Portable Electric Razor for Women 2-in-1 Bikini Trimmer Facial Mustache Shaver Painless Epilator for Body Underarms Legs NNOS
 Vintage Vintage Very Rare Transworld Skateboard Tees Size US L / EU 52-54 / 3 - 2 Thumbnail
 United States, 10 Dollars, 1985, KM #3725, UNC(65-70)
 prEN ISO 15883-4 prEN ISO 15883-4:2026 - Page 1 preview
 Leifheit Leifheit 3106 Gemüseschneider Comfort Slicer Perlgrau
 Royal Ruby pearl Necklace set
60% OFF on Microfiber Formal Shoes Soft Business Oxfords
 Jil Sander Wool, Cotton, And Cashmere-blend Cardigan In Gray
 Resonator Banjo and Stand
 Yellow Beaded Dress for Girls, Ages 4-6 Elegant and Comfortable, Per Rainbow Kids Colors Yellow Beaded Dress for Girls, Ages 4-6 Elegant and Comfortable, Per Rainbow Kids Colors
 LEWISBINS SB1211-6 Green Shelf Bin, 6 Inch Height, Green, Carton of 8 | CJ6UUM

====================

* [REQUIRED ACTION] Each line from the top of the listing down to and including the one containing "Vintage Vintage Very" should be transcribed exactly; nothing else is to be output.

* [TASK OUTPUT]
Portable Electric Razor for Women 2-in-1 Bikini Trimmer Facial Mustache Shaver Painless Epilator for Body Underarms Legs NNOS
 Vintage Vintage Very Rare Transworld Skateboard Tees Size US L / EU 52-54 / 3 - 2 Thumbnail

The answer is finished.